Quindi mi rimane questo: ammiro l’inferno di Trudel e SM per la loro intelligenza, passione e dedizione alla ricerca della costruzione muscolare. Non riesco a vedermi seguire quella strada.

Bonus: Un allenamento Doggcrapp completo

Ho messo insieme questo allenamento DC di esempio, con la guida di SM, per mostrarti come il sistema si adatta insieme. Come spiegato in precedenza, si seleziona tre diversi esercizi per ogni gruppo muscolare, e fare uno di loro per allenamento. Quindi in ogni fase di esplosione avrai tre diversi allenamenti A e B, che richiedono due settimane per essere completati. Dopo due settimane, ripeti il ciclo, aggiungendo peso e / o ripetizioni ad ogni esercizio.

Note rapide:

  • Fai da uno a tre set di riscaldamento prima di ogni esercizio. Non saltare completamente i riscaldamenti, per qualsiasi esercizio.
  • Ogni rappresentante deve essere costituito da un eccentrico controllato (abbassamento) e da un concentrico rapido (sollevamento).
  • Resto fino a quando è necessario tra le serie.

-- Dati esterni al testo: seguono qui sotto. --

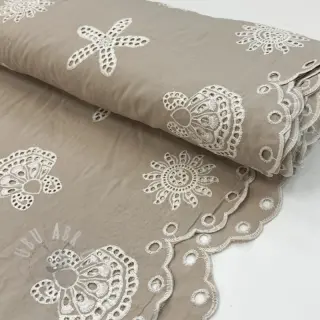 Katoenen stof EMBROIDERY Sea ornaments natural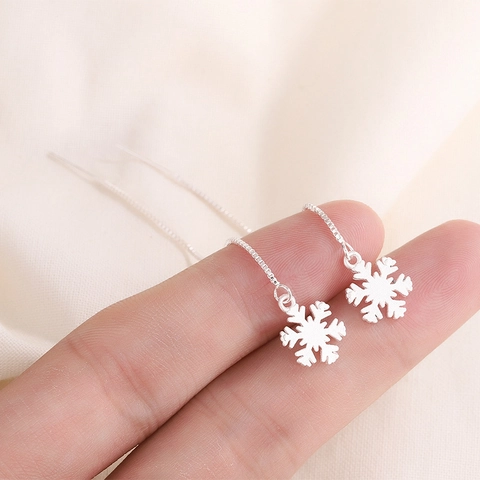 Schneeflocke Lange Quaste Ohrfaden Ohrringe Versilbertes Kupfer Geometrisch Ausgehöhlt Winter Festlicher Schmuck Für Frauen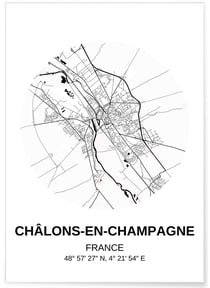 Affiche Carte Châlons-en-Champagne | A3 : 29,7x42cm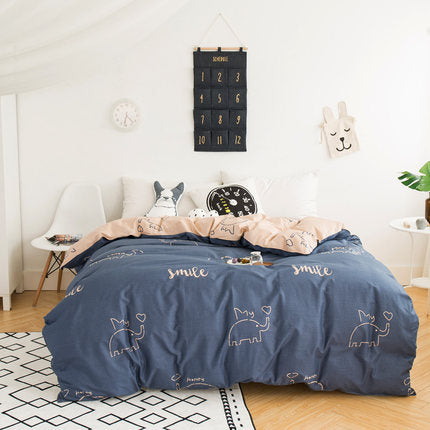 Importé - Ensemble Housse de Couette + 2 Taie d'Oreiller en Pure Coton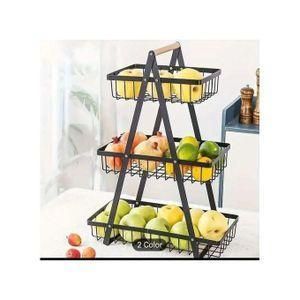 -Tier Metal Fruit Basket Stand With Wooden Handle A-Frame Countertop Organizer for Fruits, Vegetables & Snacks, Bla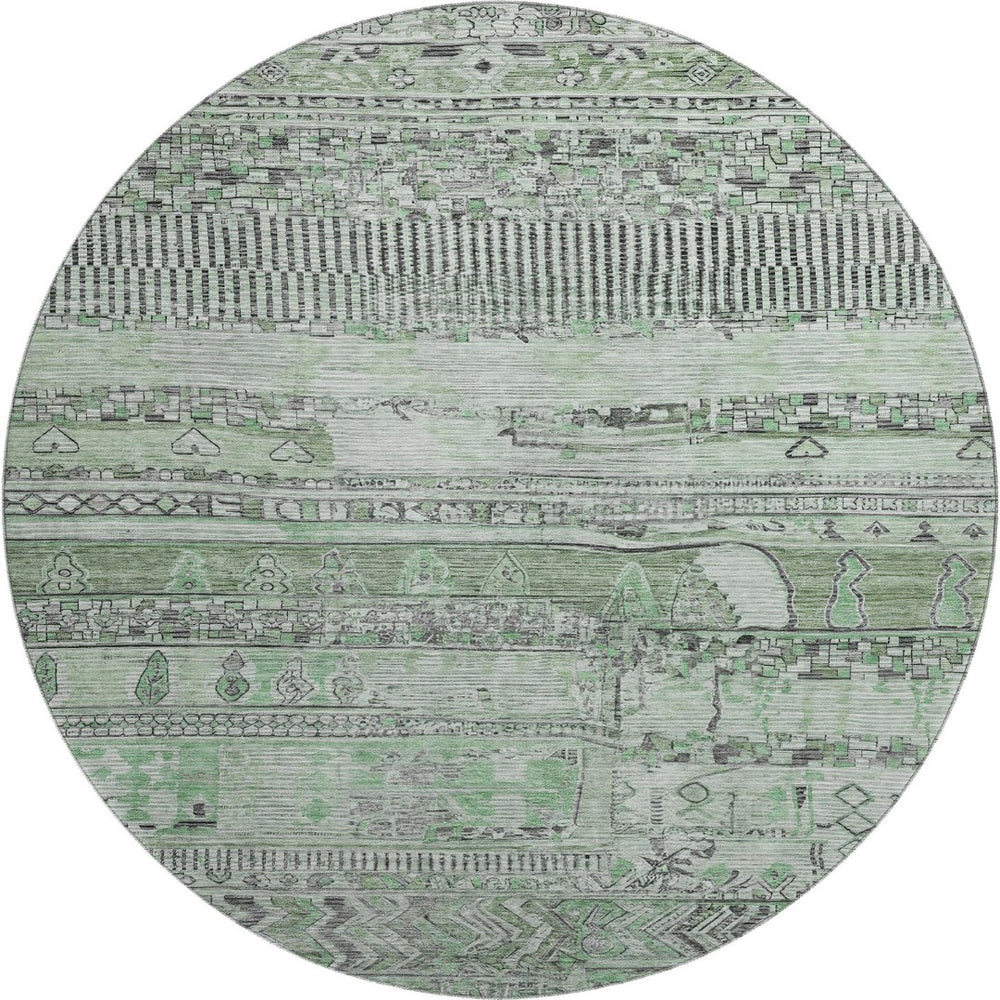 HomeRoots 8' Sage and Gray Striped Washable Round Rug - Durable, UV-Protected, Easy-Care, Stylish Accent Piece 705218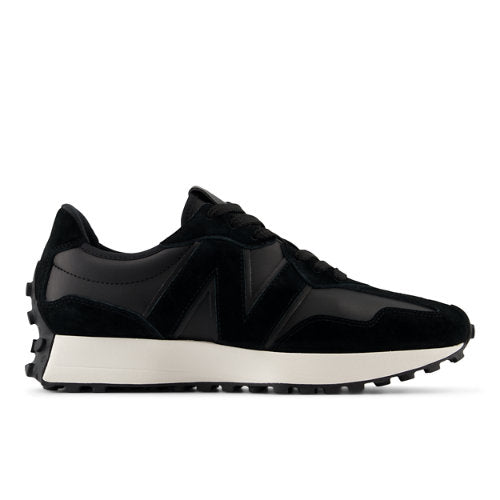 New Balance Unisex 327 in Black Suede/Mesh, 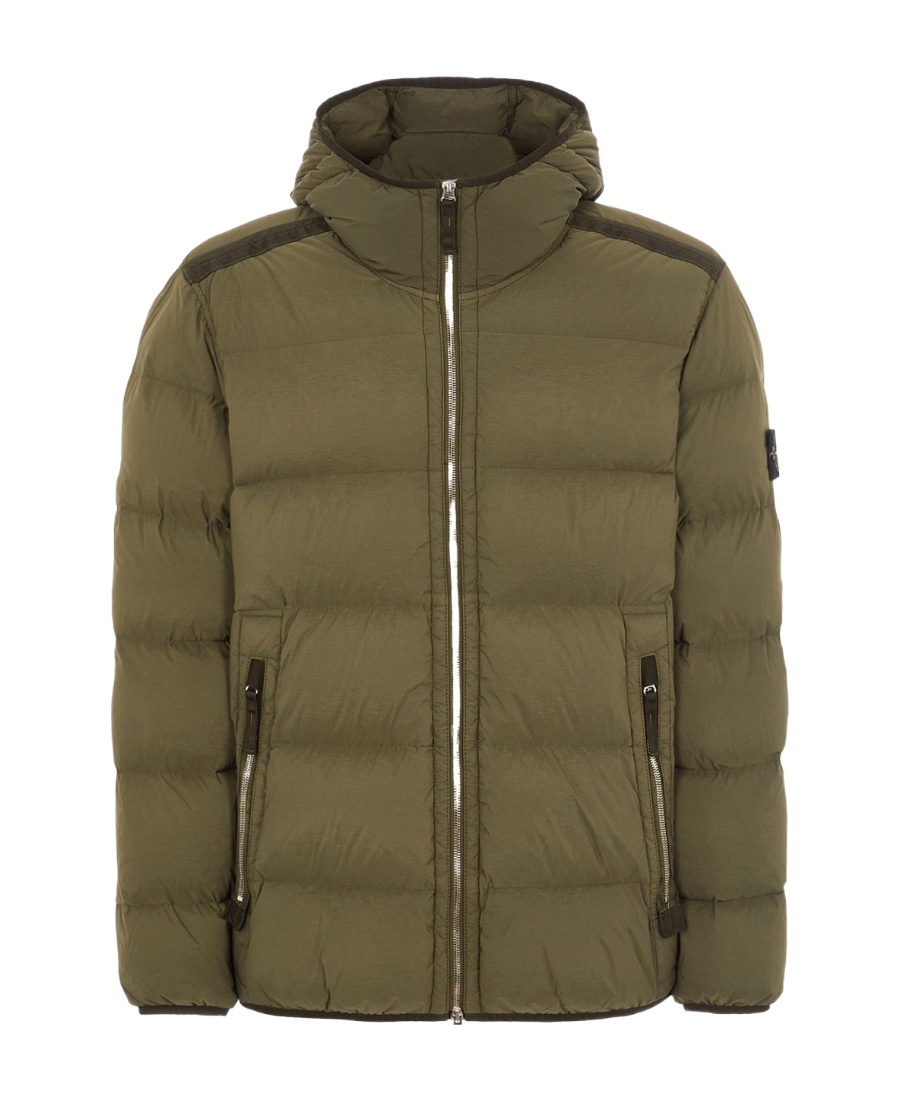 Stone Island Compass-patch Padded Down Jacket In Green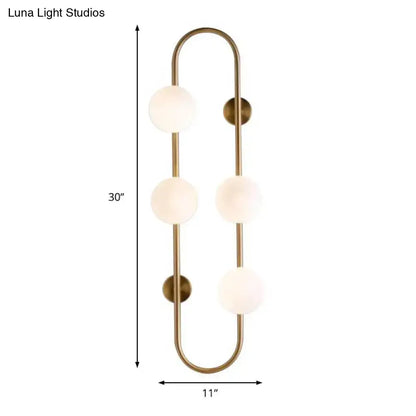Modern black & gold globe wall sconce bedroom white glass light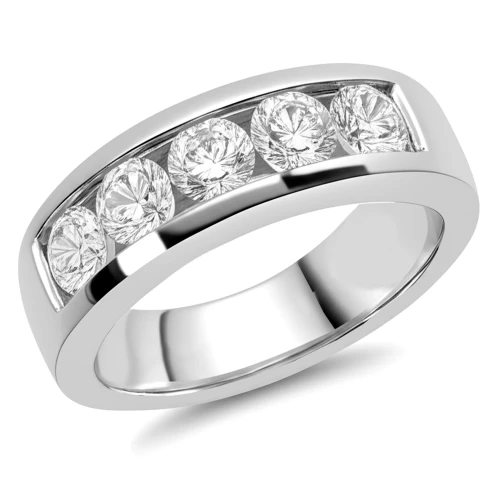 Channel-Set Diamond Wedding Band Men's Ring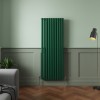 Norden 1600 x 591mm Moss Green Double Oval Column Vertical Designer Radiator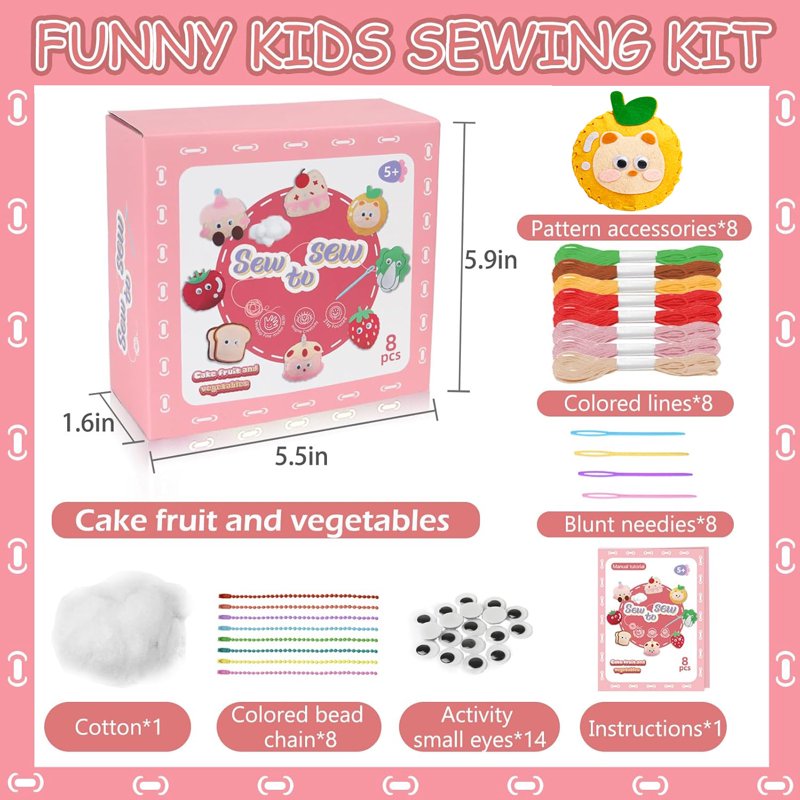 Kids Sewing Kit with 8 DIY Projects for Beginners Ages 5-12 - Creative Arts & Crafts Set
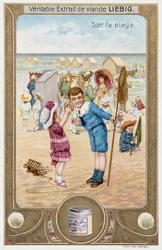 Cartão Leibig representando crianças francesas na praia 1890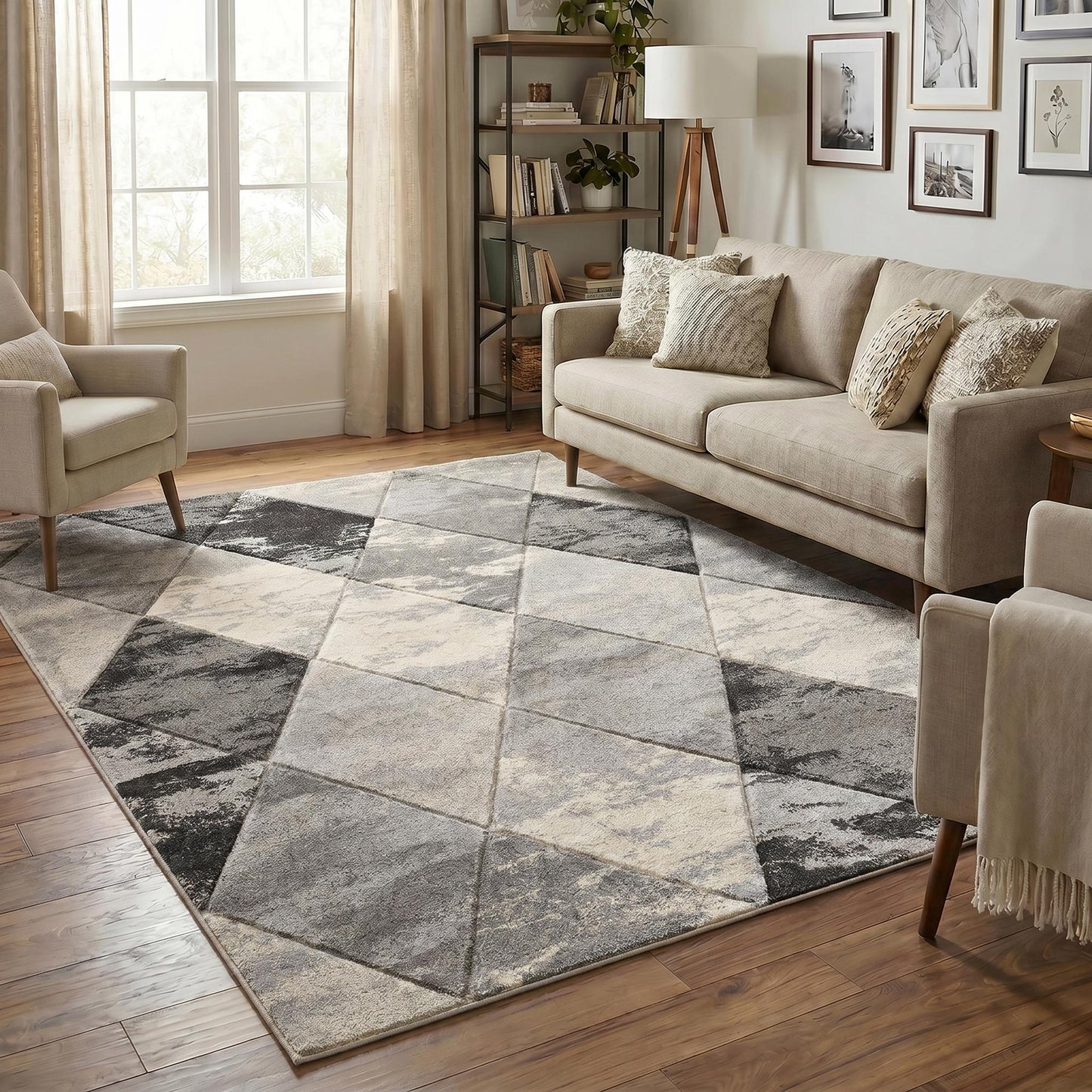 Santiago Carved Abstract Rug - Blend Beige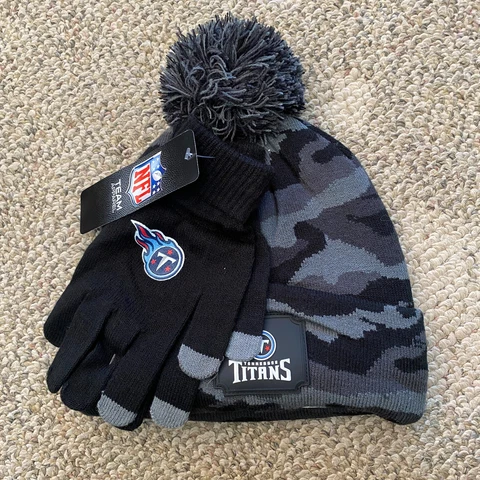 Mens NFL Tennessee Titans Knit Hat and Glove Set Gray Camo Print One Size Cover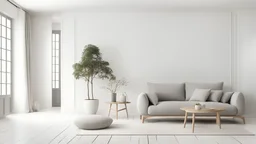 Scandinavian living room with gray armchair on empty white wall background. 3d rendering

I seguenti grafici utilizzano tre definizioni specifiche di Doggcrapp:

  • RP: rest-pause
  • SS: set dritti
  • WM: Widowmaker

Ricorda che un allenamento ha colpito petto, spalle, tricipiti, larghezza della schiena e spessore della schiena, in questo ordine. B allenamenti treno bicipiti, avambracci, polpacci, muscoli posteriori della coscia, e quad.

SETTIMANA 1

Allenamento A1

Esercizio Set Ripetizioni
Bilanciere incline bench press 1 11-15 RP
Manubri seduto military press 1 15-30 RP
Dip 1 15-20 RP
Wide-grip lat pulldown 1 15-20 RP
Stacco 2 5-8 o 9-12 SS

Allenamento B1

Esercizio Set Ripetizioni
Bilanciere curl 1 20-30 RP
Hammer curl 1 11-20 SS
Standing calf raise 1 10-12 SS *
Glutei-ham raise 1 15-20 RP
Leg press 2 4-8 SS +WM

* Esplodere verso l’alto, eseguire un 5 secondi di negativo, e quindi tratto a fondo per 15 secondi ad ogni rep.

Allenamento A2

Esercizio Set Ripetizioni
Manubrio flat bench press 1 20-30 RP
Bilanciere seduto military press 1 11-15 RP
Close-grip bench press 1 11-15 RP
Hammer Strength pulldown macchina 1 15-20 RP
Bilanciere piegato-over di fila 1 10-12 SS

SETTIMANA 2

Allenamento B2

Esercizio Set Ripetizioni
Preacher curl 1 20-30 RP
Bilanciere curl inverso 1 11-20 SS
Leg-press vitello sollevare 1 10-12 SS
Lying leg curl 1 15-20 RP
Back squat 2 4-8 SS + WM

Allenamento A3

Esercizio Set Ripetizioni
Hammer Strength piatto panca 1 11-15 RP
Smith machine seduto military press 1 11-15 RP
EZ-bar skull crusher 1 15-30 RP
Close-grip chin-up 1 15-20 RP
T-bar row 1 10-12 SS

Allenamento B3

Esercizio Set Ripetizioni
Curl con manubri 1 20-30 RP
Girandola curl 1 11-20 SS
Seated calf raise 1 10-12 SS
Macchina hack squat 2 6-10 SS + WM
Bilanciere stacco rumeno * 1 10-15 SS

* L’unica volta che ci si allena i muscoli posteriori della coscia dopo quad è quando si fanno i rumeni e gambe rigide stacco variazioni. Essi appaiono solo in allenamenti con leg press o macchina hack squat, in modo da evitare di sottolineare i vostri stabilizzatori lower-back dopo che sono già stati sfidati con esercizi come squat anteriore o posteriore.

Due avvertenze:

  1. Diverse settimane nella prima fase di esplosione, si può sentire più fatiscente del solito. Sentitevi liberi di decollare un allenamento Venerdì, utilizzare il lungo fine settimana per recuperare, e iniziare fresco il Lunedi.
  2. Se hai più di 35 anni, potresti voler fare più ripetizioni con pesi un po ‘ più leggeri sui set di pausa di riposo. Quindi spareresti da 15 a 20 ripetizioni totali, piuttosto che da 11 a 15.

Ma la cosa più importante di tutte è registrare ogni rappresentante di ogni allenamento e continuare a pedalare attraverso questi allenamenti finché si sta ancora “battendo il diario di bordo” e facendo guadagni. Ricorda, se non stai battendo il libro, stai solo battendo la tua carne.